The Orchestra of St Paul’s Captivates a Young Audience

United KingdomUnited Kingdom Prokofiev, Howard Blake. Clemency Burton-Hill (narrator), Gabriel Ali (treble), Orchestra of St Paul’s, Ben Palmer (conductor), Queen Elizabeth Hall, London, 13.12.2014 (RB)

Prokofiev – Peter and the Wolf
Howard Blake – The Snowman


Some of the publicity surrounding Kyung Wha Chung’s recent return to London highlighted some of the difficulties which parents and musicians face when they try to introduce very young children to classical music.  This concert seemed to have found the perfect solution to the problem.  The Queen Elizabeth Hall was completely sold out and crammed full of children aged from four or five upwards with their parents and grandparents.  The  two works on the programme were entirely suitable for this young audience, did not make unreasonable demands on their attention span, and were also first rate pieces of music.

 Clemency Burton-Hill who fronts the BBC Proms and Young Musician of the Year was the narrator for Prokofiev’s wintry fairy tale Peter and the Wolf.  She pitched the narrative perfectly for this young audience who seemed to be concentrating intently on the ongoing story.  While the music is written for children, Prokofiev demands that performers take it seriously and it was played with scrupulous attention to detail by Ben Palmer and the OSP.  The woodwind characterised the bird, duck and cat to perfection and their ongoing capers were brought winningly to life.  The strings had a bright clean open sound that captured Peter’s sense of wonder and zest for adventure.  As any fan of the Harry Potter books will be able to tell you, all good fairy tales need a frightening villain and the horns did an excellent job depicting the ominous threat posed by the wolf.  The percussionists injected energy into the music and I could see the children in the audience reacting with a startled sense of glee to the gun shots of the huntsmen.  While most of the children in the audience seemed completely wrapped up in the story, not all of them were completely quiet all of the time, and Palmer and the OSP deserve a lot of credit for not allowing themselves to become distracted and taking the audience with them.

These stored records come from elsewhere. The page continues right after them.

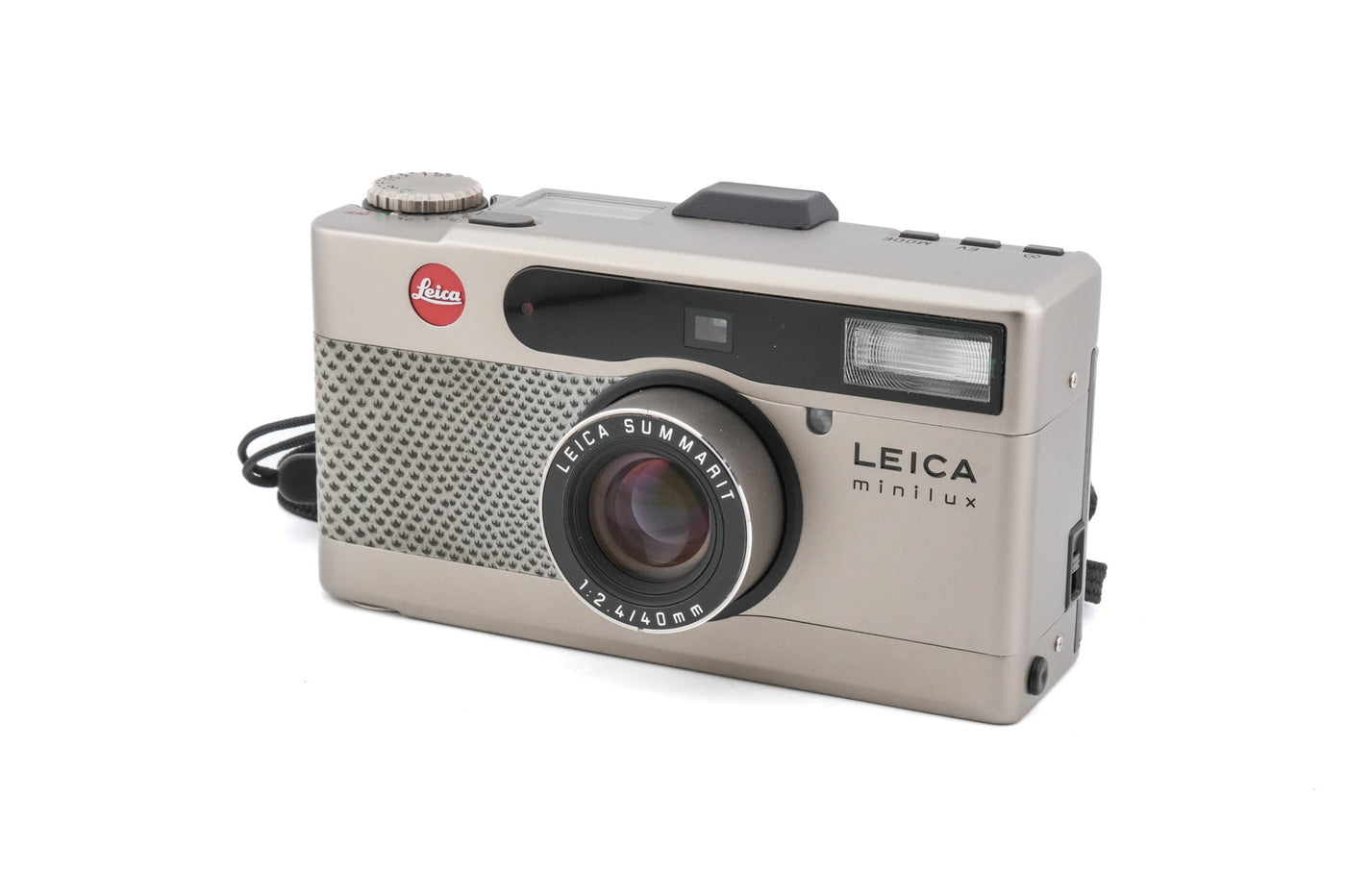 Leica Minilux (DB Exclusive) · main image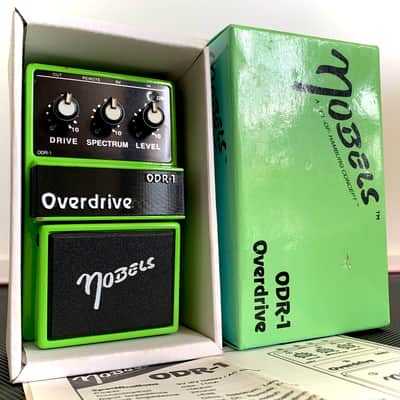 Vintage Nobels ODR-1 image 13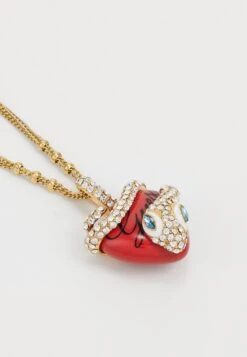 Guess VINTAGE - Necklace - Yellow Gold-coloured -Guess Clothing Sale 16095b92eb334818b6a520981492ff9f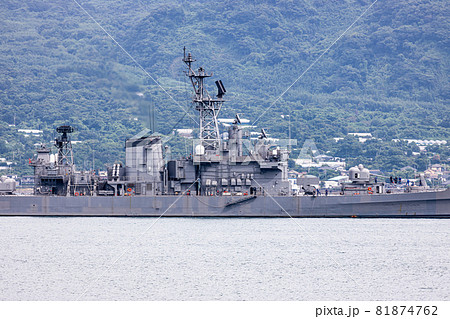 海上自衛隊の戦艦　　 81874762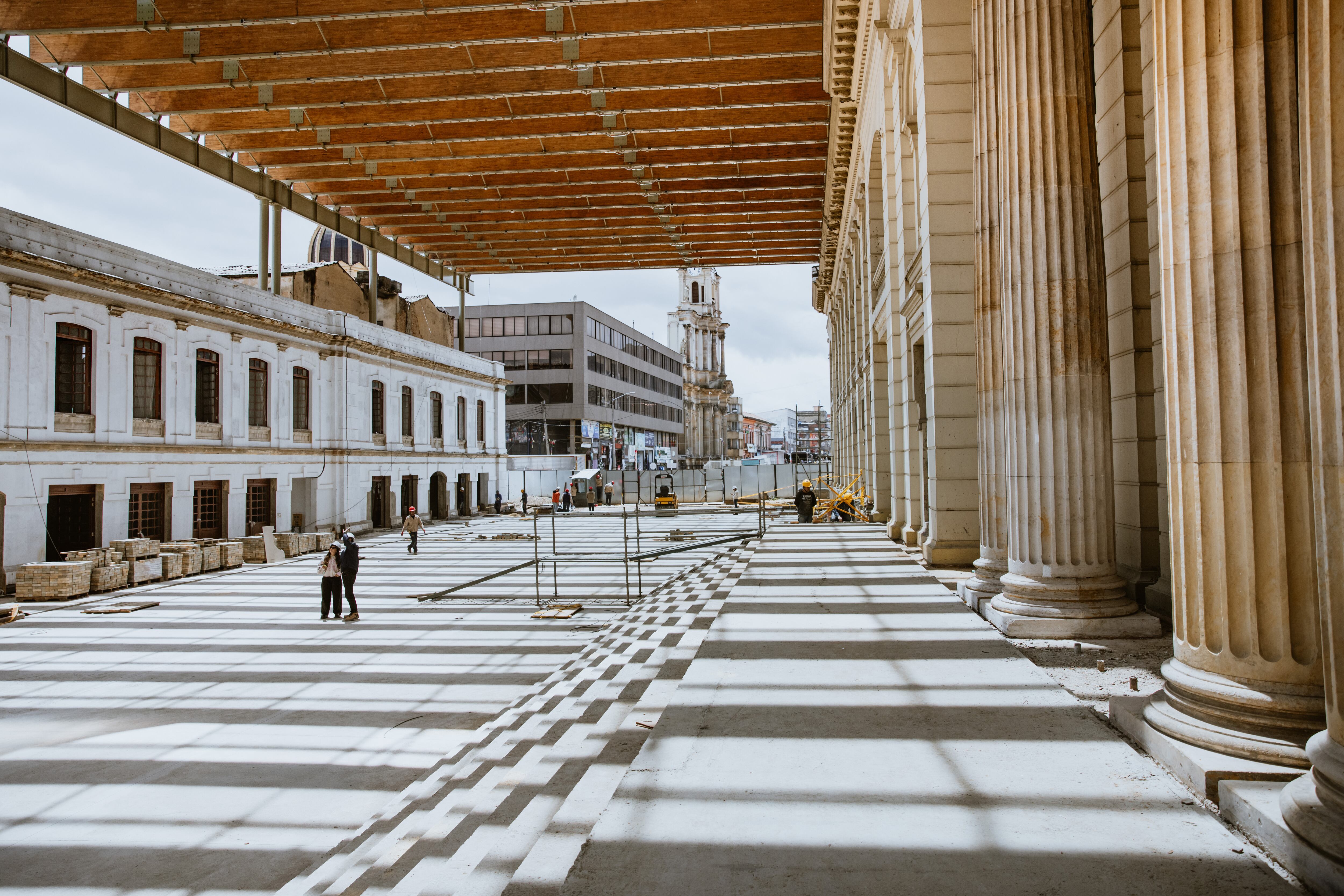 El Bronx Distrito Creativo (BDC) fue reconocido como Reacondicionamiento del Año en los GRI Awards Andean & Central America Real Estate 2025.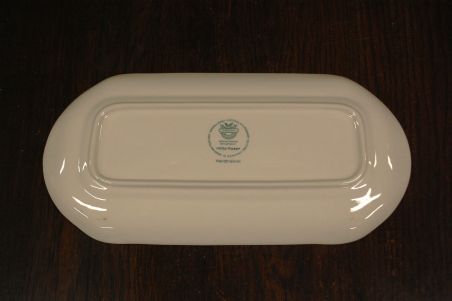 (n-7578/7) Villeroy & Boch Wild Rose, leiva/ keeksivaagen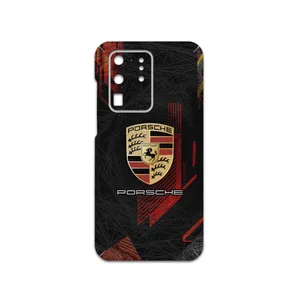 MAHOOT  Porsche Cover Sticker for Samsung Galaxy S20 Ultra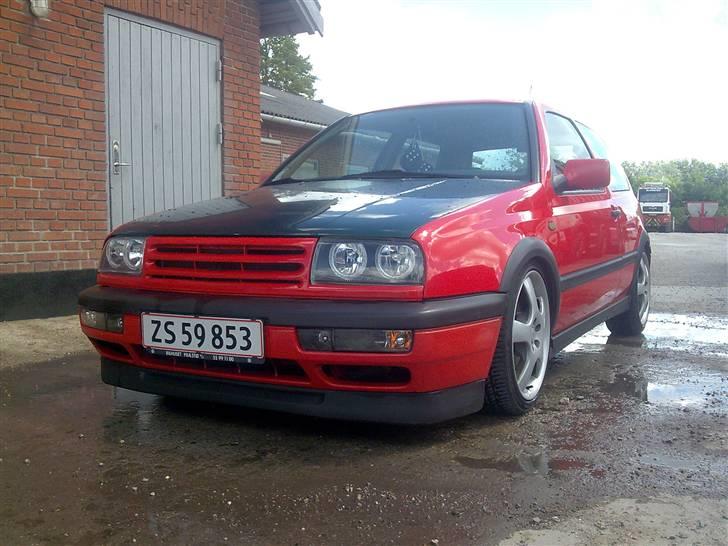 VW golf 3 GTI  (SOLGT) billede 17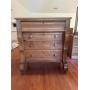 1800's Empire Chest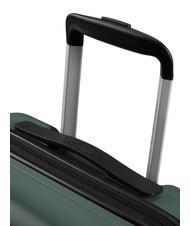 AMERICAN TOURISTER FLASHLINE Handgep&auml;ckwagen dunkler Wald - Handgep&auml;ck - 6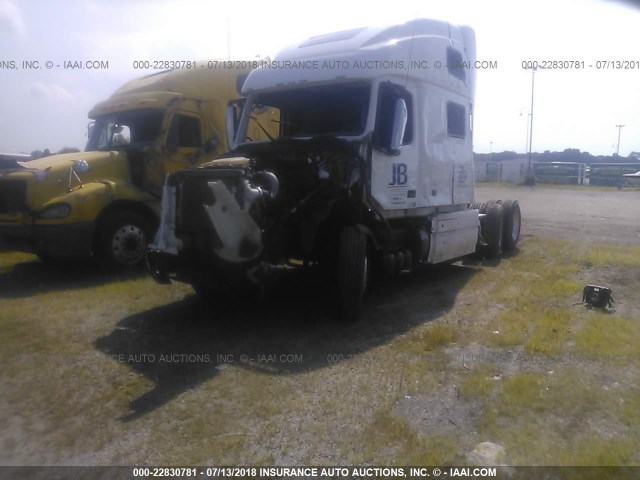 4V4NC9EH1GN934959 - 2016 VOLVO VN VNL WHITE photo 2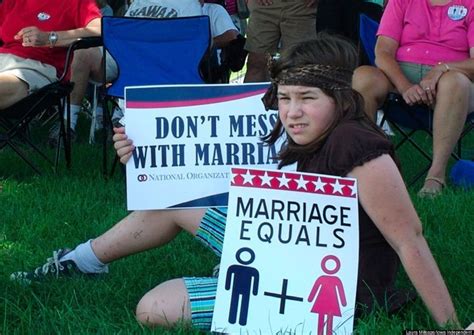 National Organization For Marriage Recycling Old Lies Against Gay Marriage In New York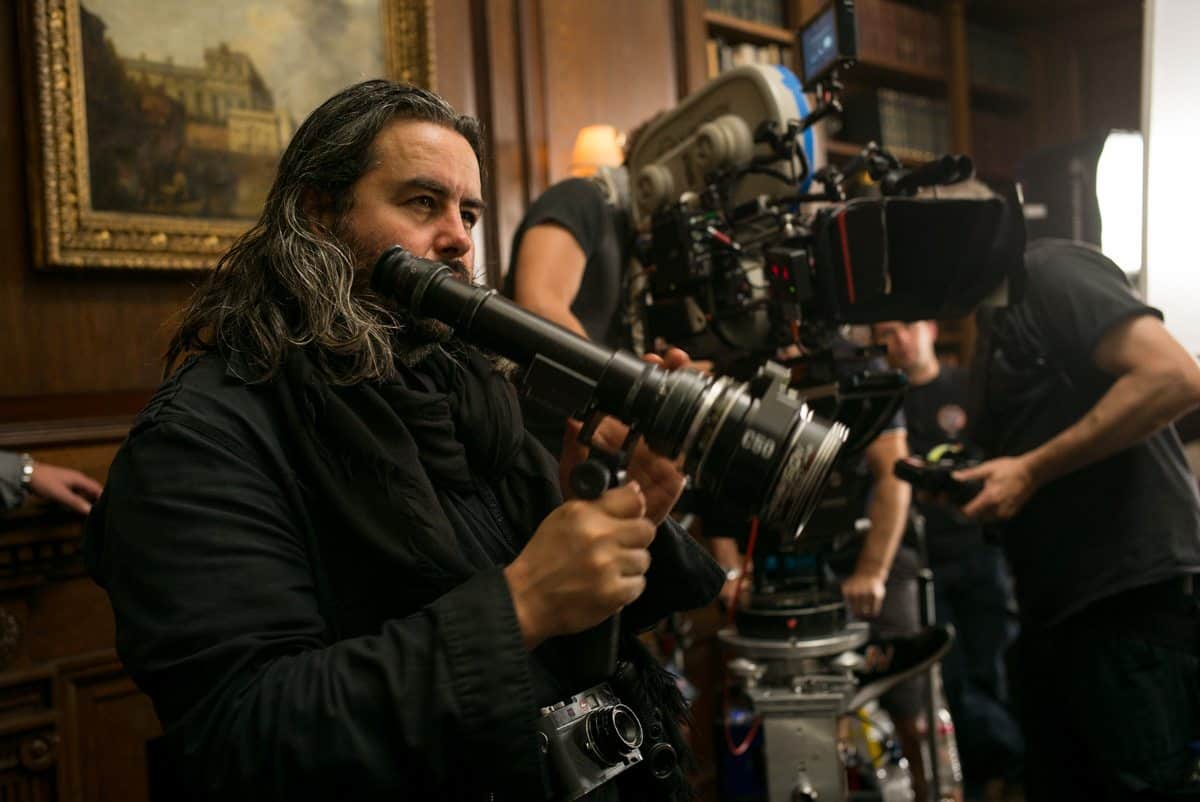 Hoyte Van Hoytema spectre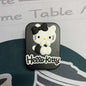 Hello Kitty Portable Contact Lens Case Cartoon Cute Kuromi Kawaii
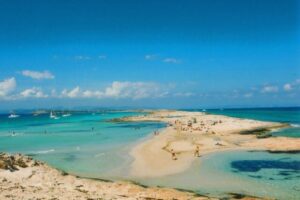 La Isla de Espalmador en Formentera 3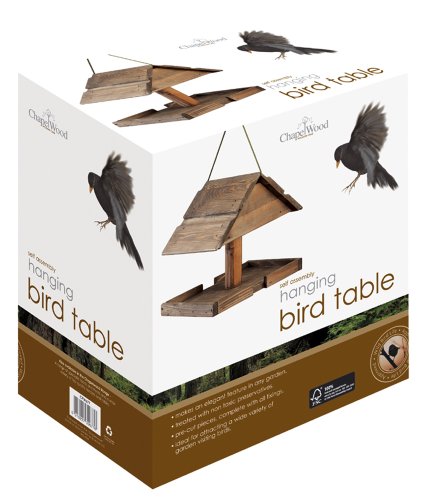 Chapelwood Hanging Bird Table Head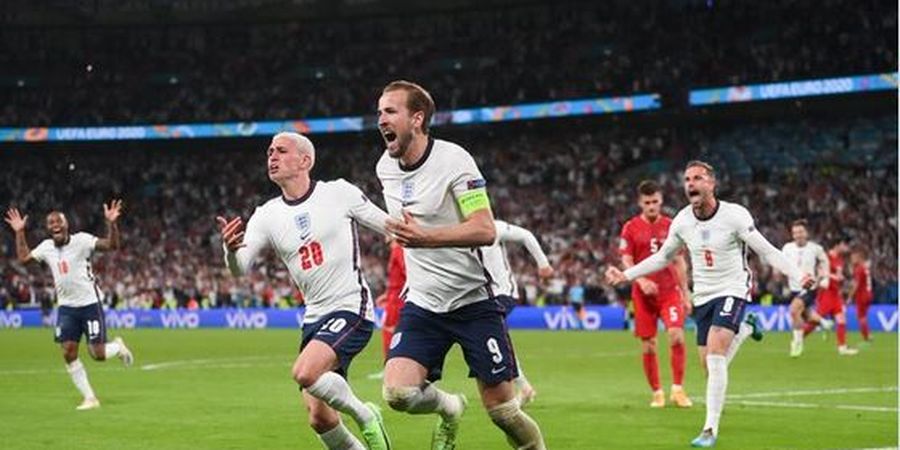 Final EURO 2020 - Saking Bandelnya, Gary Lineker Minta Pendukung Timnas Inggris Berlaku Sopan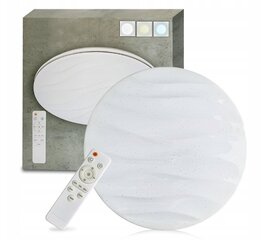 Polux круглый потолочный светильник цена и информация | Потолочные светильники | kaup24.ee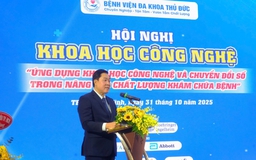 'Nhiều người trẻ tăng huyết áp, đến khám phát hiện bị bệnh thận giai đoạn cuối' 'Nhiều người trẻ tăng huyết áp, đến khám phát hiện bị bệnh thận giai đoạn cuối'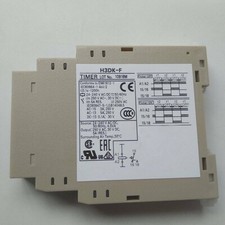 H3DK-F Time Relay For Omron AC/DC 24-240V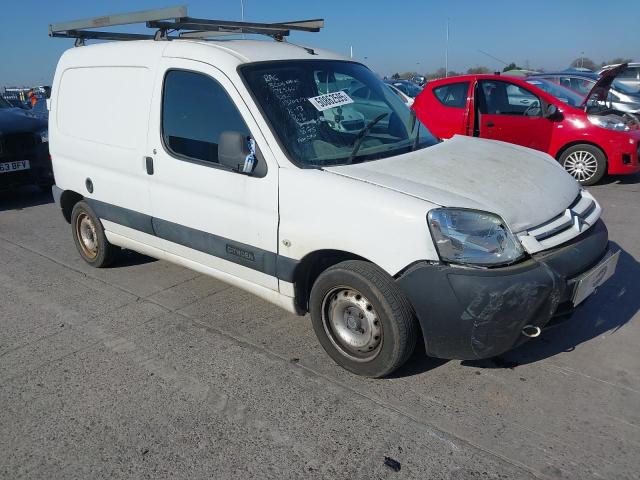 2006 CITROEN BERLINGO 6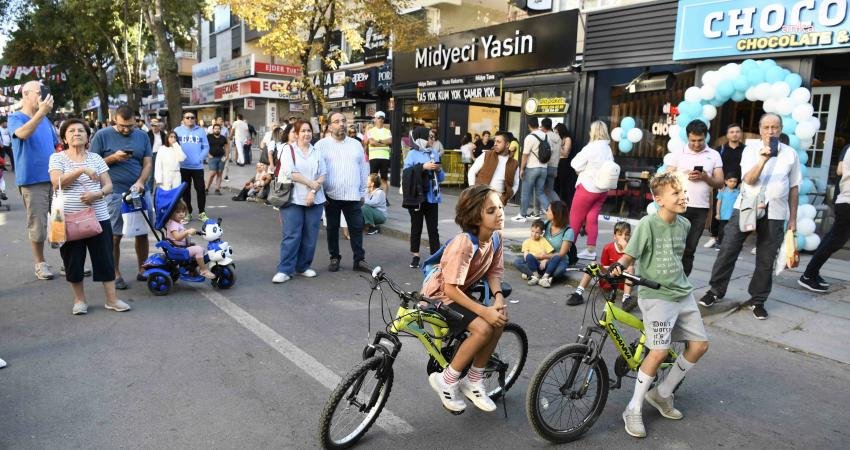 Ankara Büyükşehir Belediyesi, tüm dünyada 16-22 Eylül günleri arasında gerçekleştirilen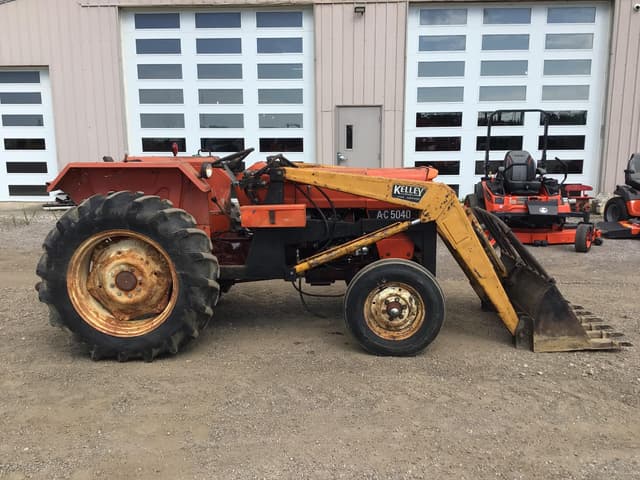 Image of Allis Chalmers 5040 equipment image 2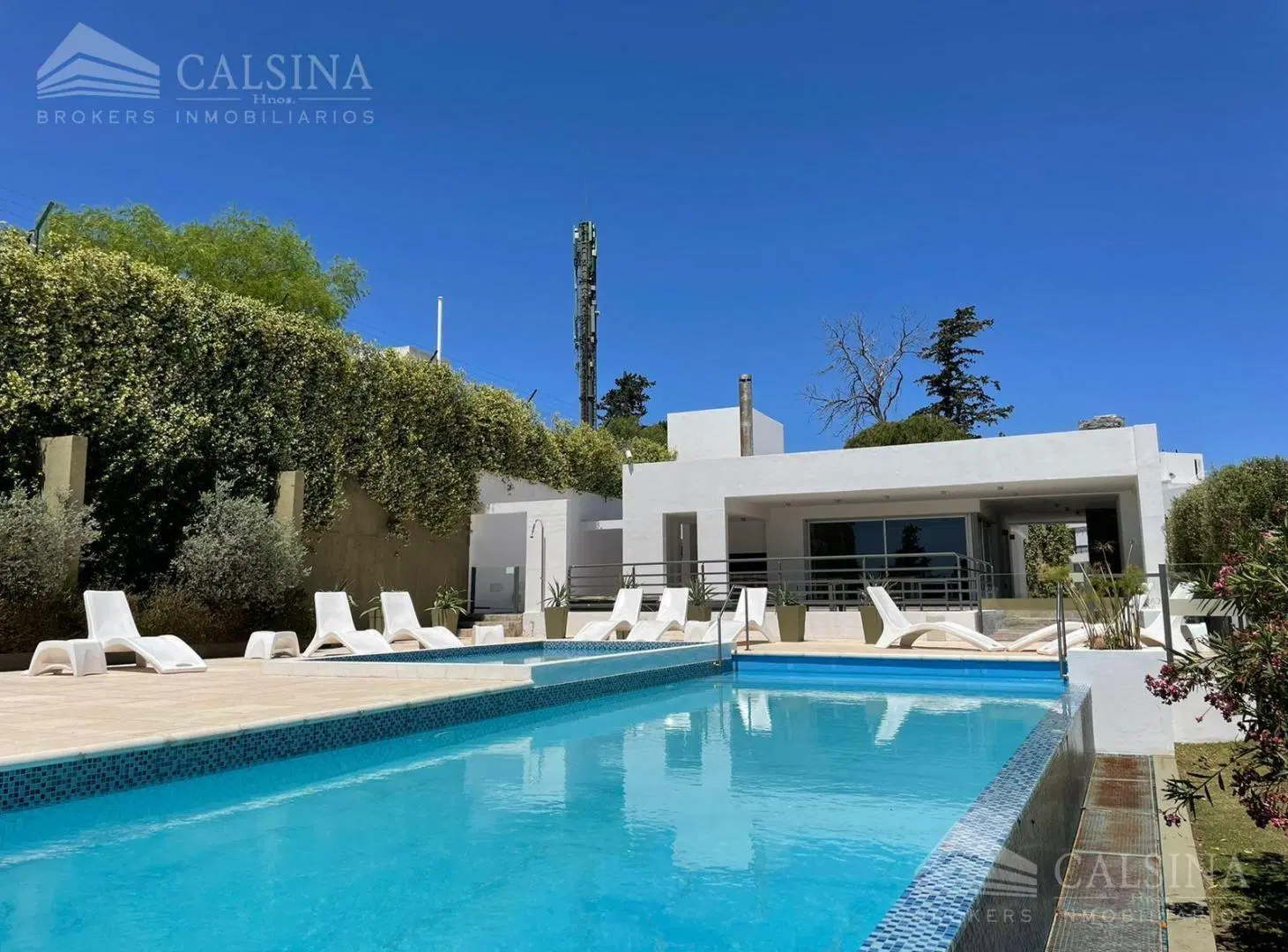 Departamento en Villa Allende Golf 5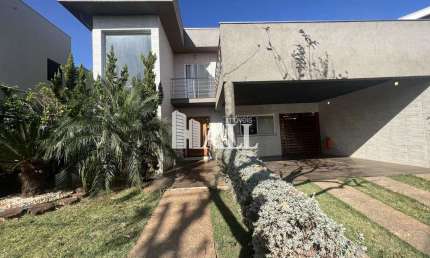 Casa de Condomínio com 3 dorms, Centro, Bady Bassitt - R$ 1.15 mi, Cod: 10892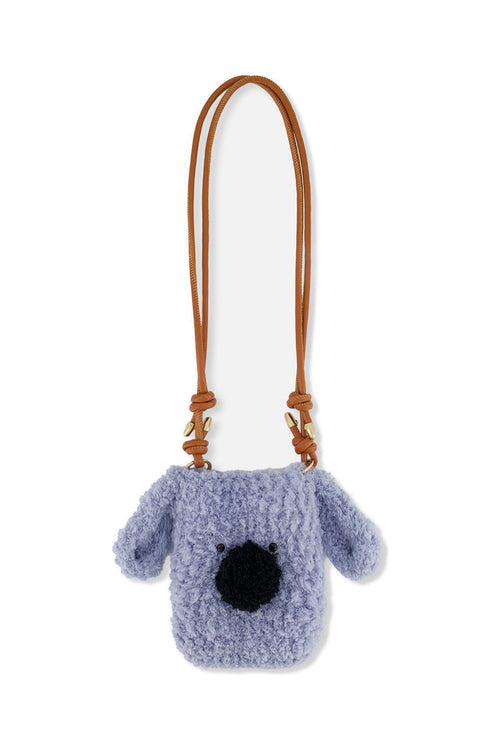Poodle Bag Blue-Grey - J20IA1_04670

 For the second work on the programme, a cinema screen was erected behind the orchestra and Howard Briggs’ wonderful animation was shown while the OSP provided a live music accompaniment.  Ben Palmer ensured that the music was completely synchronised with the live animation (which I imagine is more difficult than it looks!) and the OSP did a great job capturing the sense of childhood wonder and exploration of the world in the opening section.  The scene where the snowman comes to life was magical and I liked the way the OSP brought out the comedy and fun in the subsequent scenes.  Gabriel Ali, who is currently a chorister at St Paul’s Cathedral, sang the famous Snowman song with excellent diction, intonation and purity of tone.  The scenes with Santa Claus and the other snowmen was a good way of familiarising the children again with the various instruments of the orchestra and the OSP principals clearly relished playing the various solos.  The children in the audience hardly made any noise at all and were concentrating intently throughout the entire 20 minutes or so of the performance.

 Overall, I thought this was an imaginative piece of programming very well executed by Palmer and the OSP and it seemed to be much appreciated by the young audience.  Parents and educators should take note.